The Comics Journal, by Rob Clough
E.A. Bethea's comics read as detailed, confessional fever dreams. Her comics have the cadence of poetry, the text and images coalescing into commentaries on visual detritus, hilarious observations, charged and frequently sexual memories, and fascinating personal and cultural details.
"The World You Know, As You've Never Seen It Before: E.A.Bethea's 'Book of Daze'"
Ryan C's Four Color Apocalypse, by Ryan Carey
These are the observations of a lifelong romantic, but one whose object of affection is human existence itself — with its foibles, its frailties, its finite nature seen not as flaws, but as the very things that make it worth living and loving; a lyrical expression, told in prose as precise as it is fluid, of the sad everyday magic that is found in times, places, and people forgotten; an appreciation of all things forlorn that loves them both for what they are and how they came to be that way. If you think there is no beauty to be found in desolation, 40 slim pages of panel-border-free, yet tightly-formatted, comics have the power to disabuse you of that notion once and for all.

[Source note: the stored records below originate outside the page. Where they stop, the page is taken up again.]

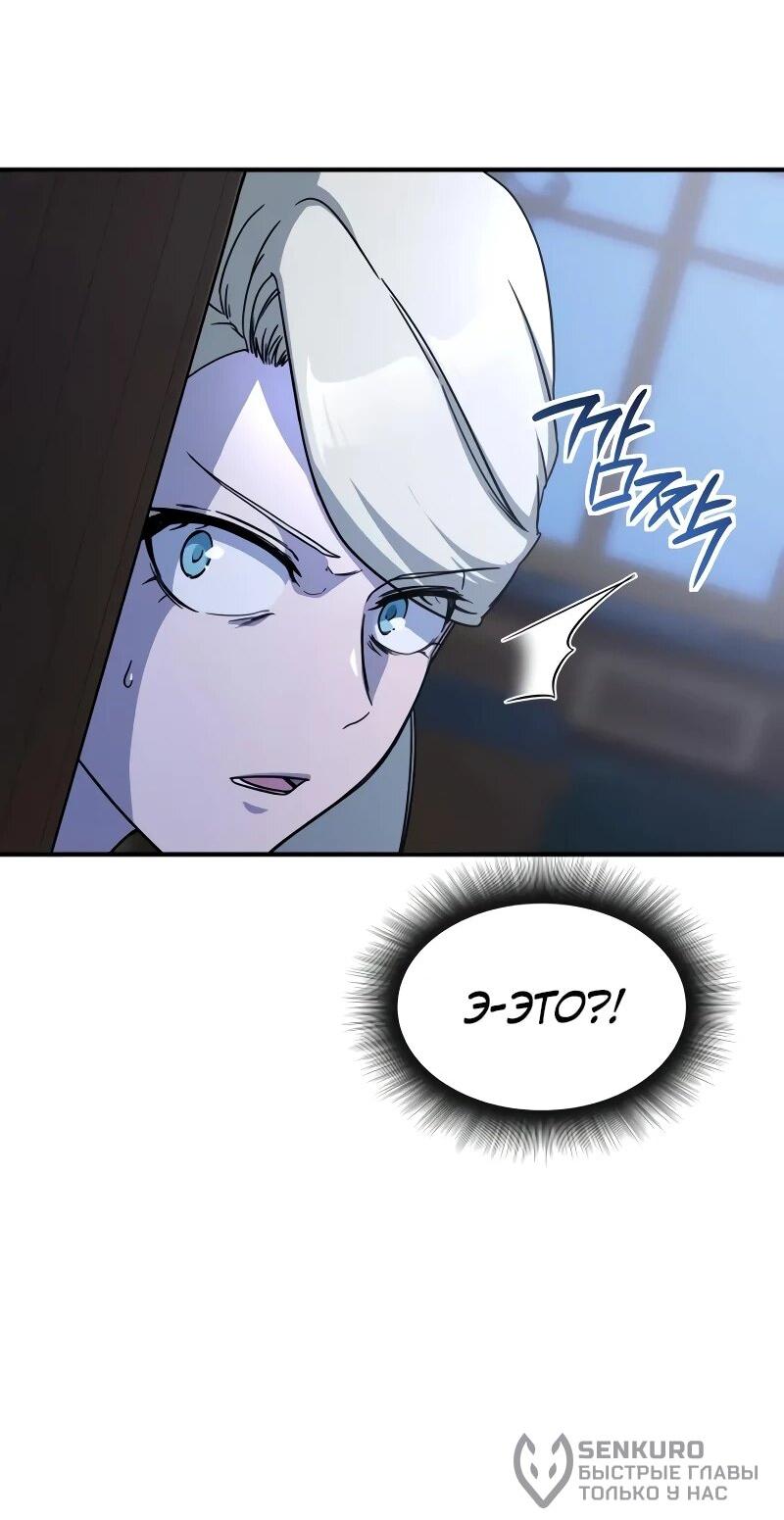 Манга Идеальный злодей в моём исполнении - Глава 47 Страница 22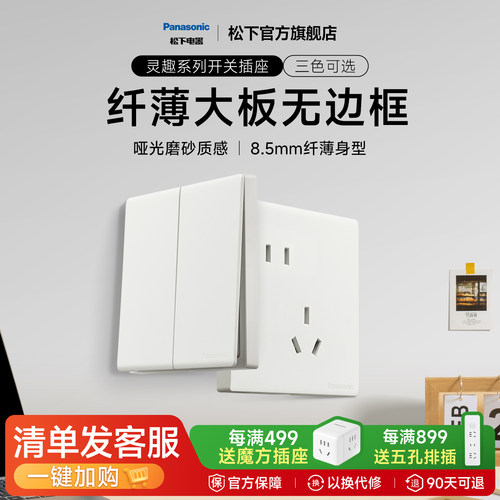 松下灵趣白五孔双控开关插座10A嵌入式空调插座16A暗装家用哑光白
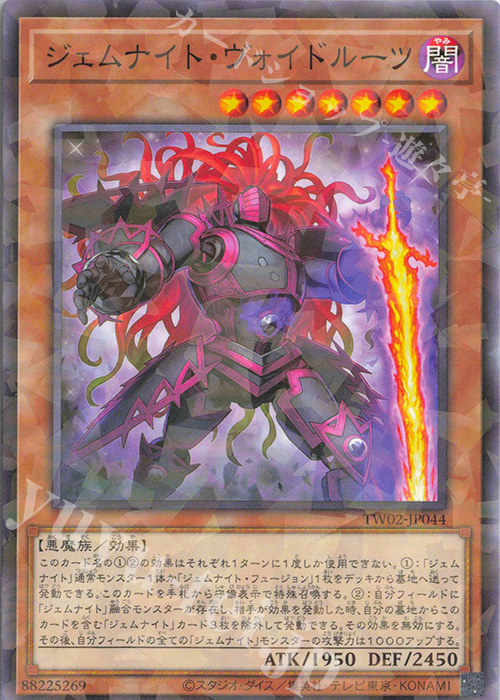 P-N ジェムナイト・ヴォイドルーツ | 販売 | [TW02] TERMINAL WORLD 2 | 遊戯王 OCG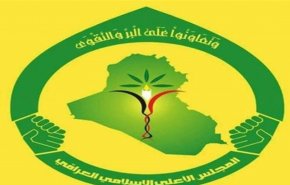 خطاب المرجعية خارطة طريق لحل المشاكل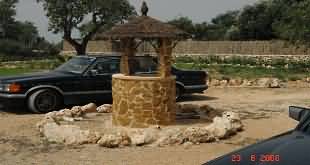 Mallorca Property Management Lluchmayor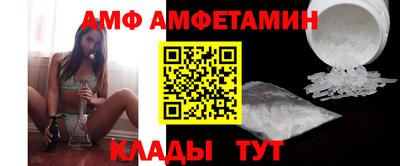 круглые Ирбит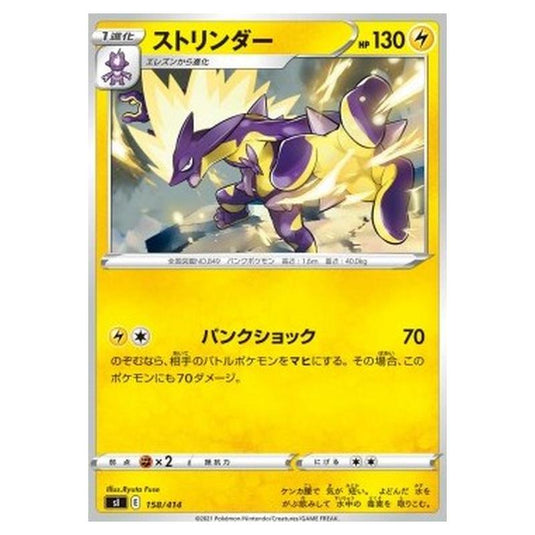 Pokemon - Start Deck 100 - Toxtricity - 158/414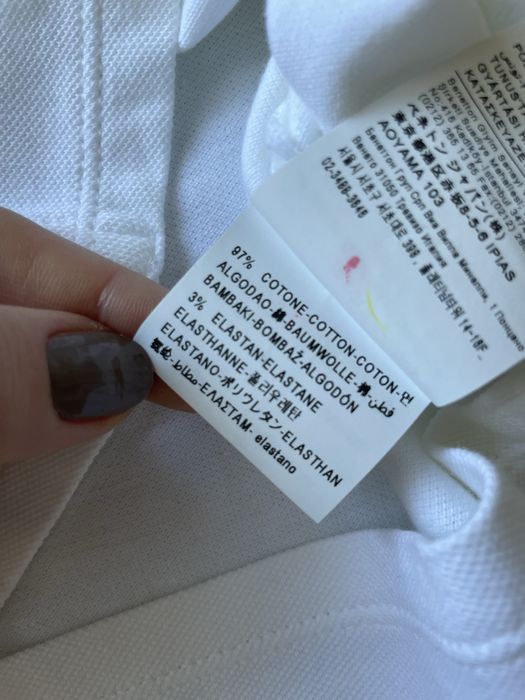 Tricou polo benetton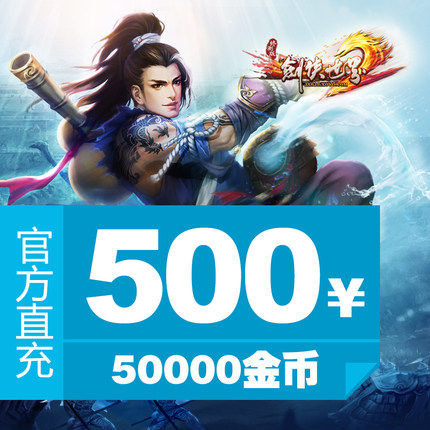 Gold Mountain version end Sword-Man World 2 Points of Cards RMB500  50000 gold coins can only be charged automatically in the Sword Zone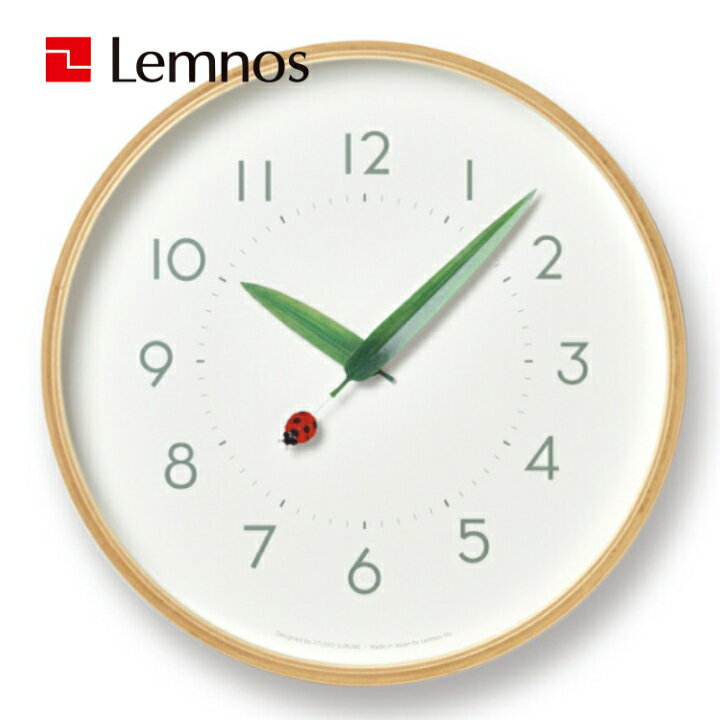 レムノス とまり木の時計 テント てんとう虫 アナログ 木枠 天然色木地 SUR18-16 TENTO Lemnos ウォールクロック タカタレムノス 掛け時計 時計 置時計 シンプル おしゃれ インテリア インテリ…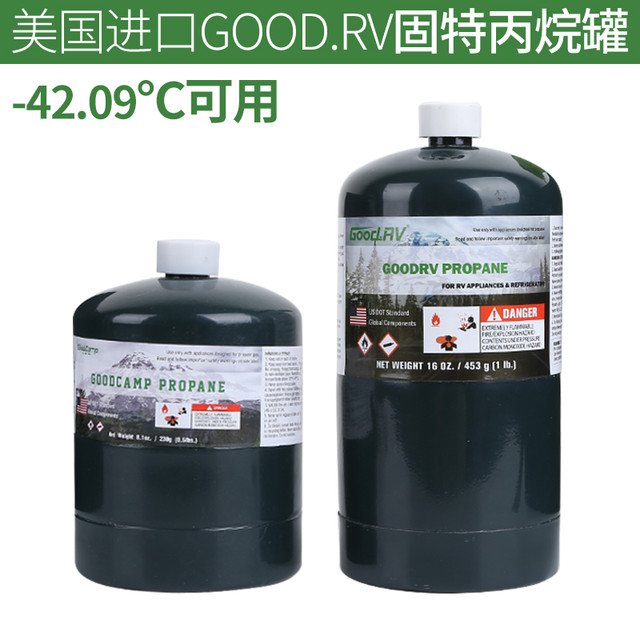 SENGOKU 千石 防爆自泄压固特丙烷气罐GAS户外炉具燃BRS兄弟野营高山高原扁气罐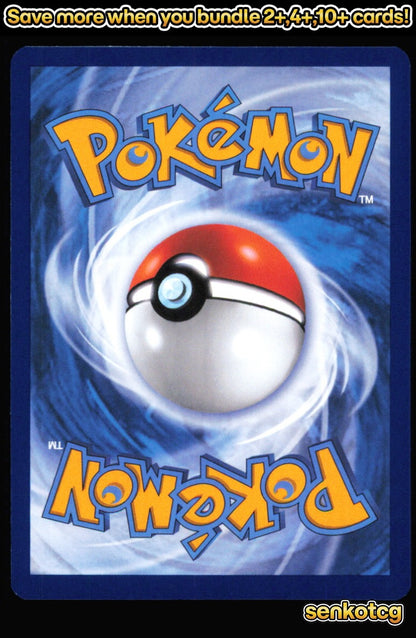 🎴 Morpeko 061/128 Common Holo ME: 30th Celebration NM 🎨 Saito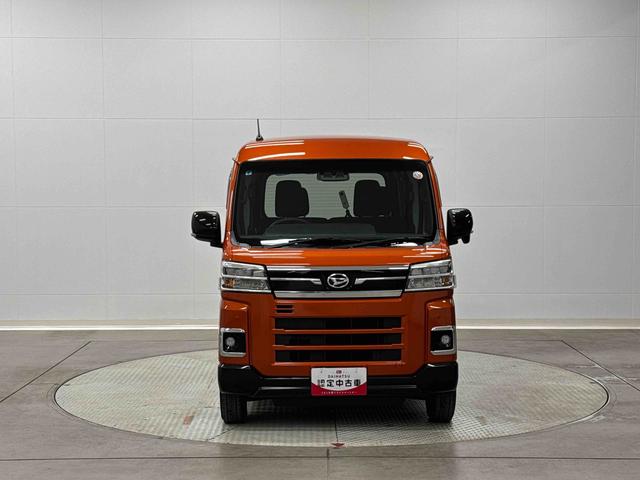 アトレーＲＳ　７インチ純正ナビ　ＥＴＣ　電動スライドドア保証　新車保証・まごころ保証　１年間・走行距離無制限付き　７インチ純正ナビ　バックカメラ　ＥＴＣ車載器　キーフリーシステム　プッシュスタート　ＬＥＤヘッドライト　フォグランプ　スマートアシスト　ＡＣＣ（東京都）の中古車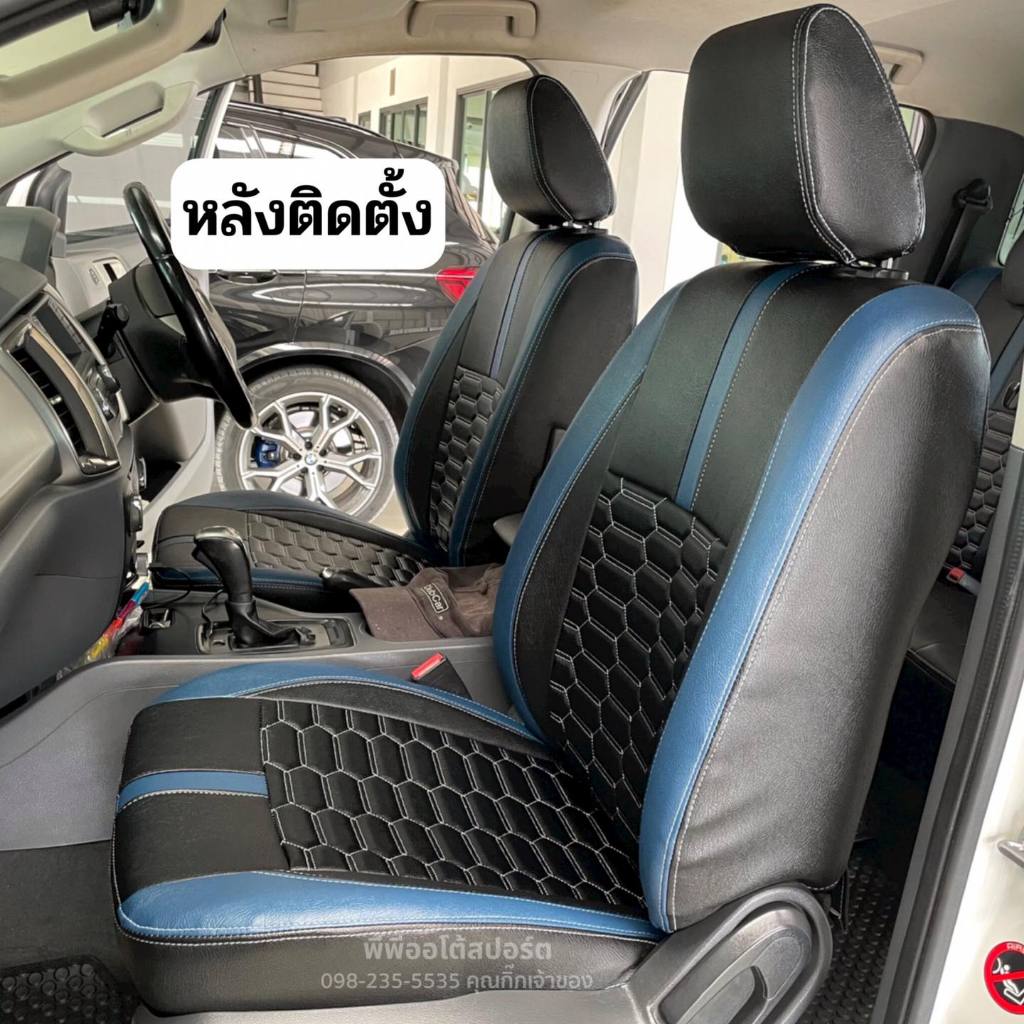 หุ้มเบาะสวมทับตรงรุ่น Ford Renger 4 ประตู ลายสปอร์ต สีดำด้ายขาวขอบสีกรมท่า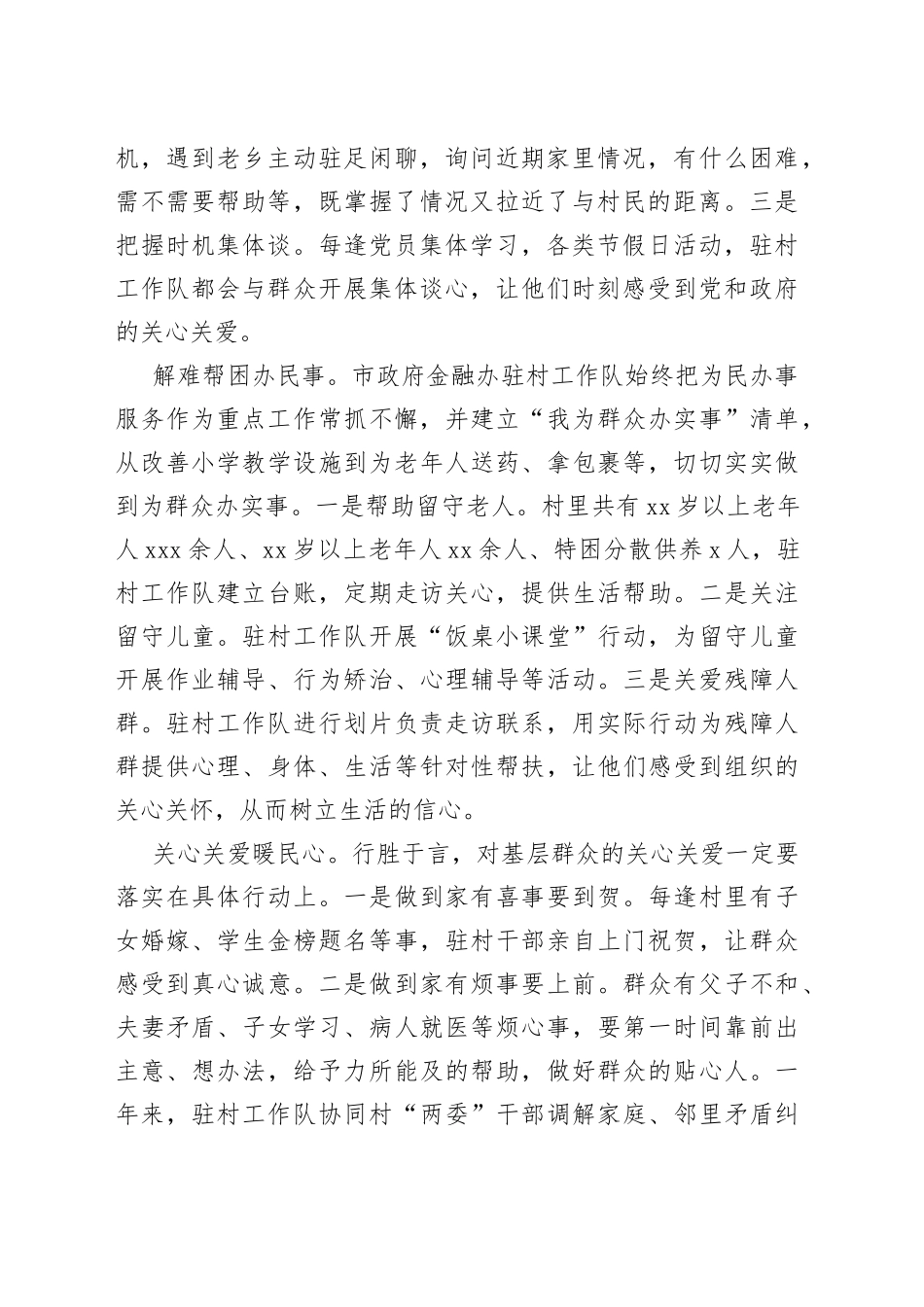 【驻村工作队员体会文章】做好“四个一” 密切干群关系_第2页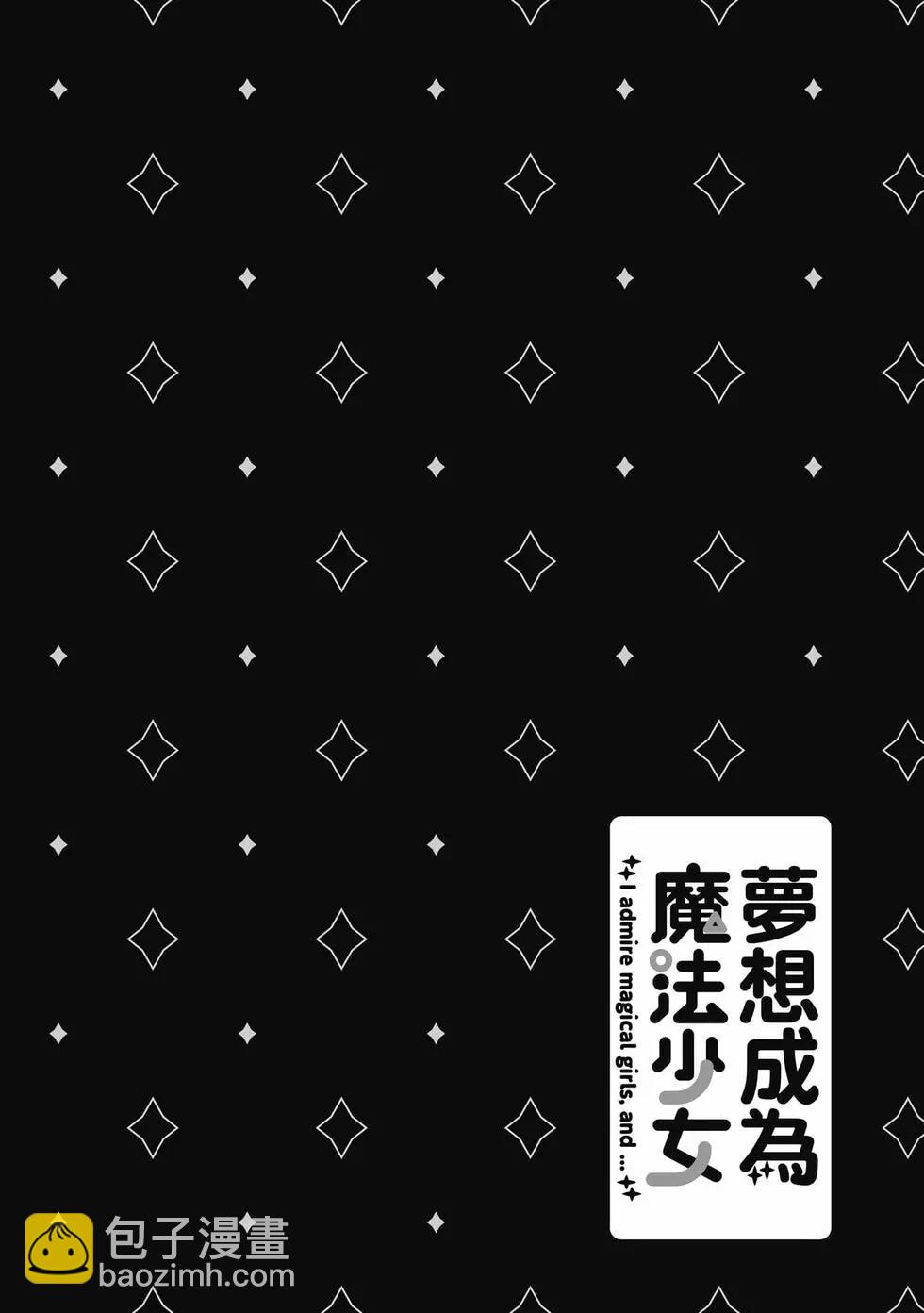 憧憬成爲魔法少女 - 第10卷(2/3) - 3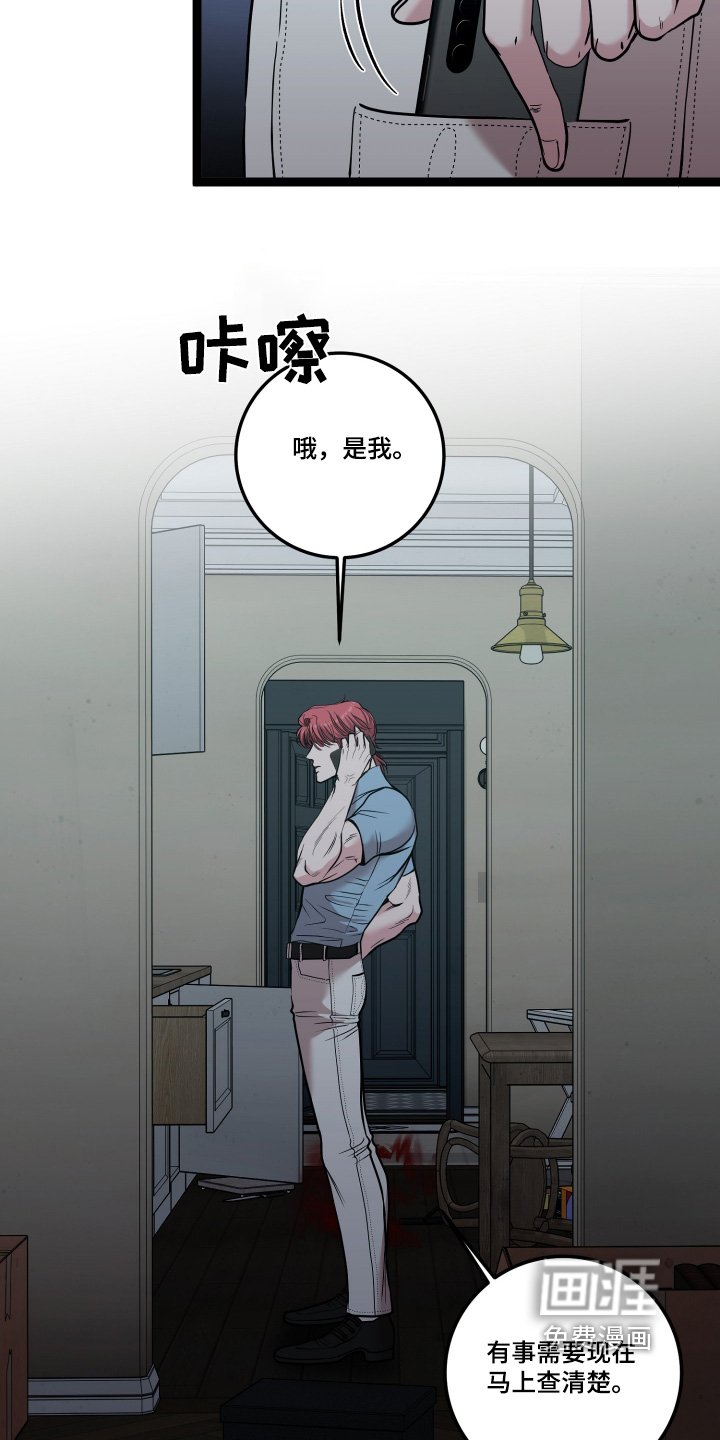 第66章：绝对保密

"Book of Daze – E.A. Bethea Provides a Strong Reminder of the Intimacy and Immediacy that Comics Can Have"
Broken Frontier, by Robin Enrico
This collection of brief and simply constructed visual poems is dripping with a mix of lust and sadness that, while common in prose and poetry, is rarely touched on in comics. The kind of feelings you have buried deep in the private places of your heart until they bubble up to the surface when you are reminded of a past that is now long gone.
"The Last Two Comics I Read"
Longbox Coffin, by Brian Nicholson
It’s said Bethea thinks of her work as relating to cinema, and editing, the narration heavy style makes me think of Chris Marker’s Sans Soleil as the closest corollary. I think also of Lynda Barry, and the method of image-first writing she teaches, where the story originates in the image, as that is what lingers in memory, and then its meaning is explicated in text.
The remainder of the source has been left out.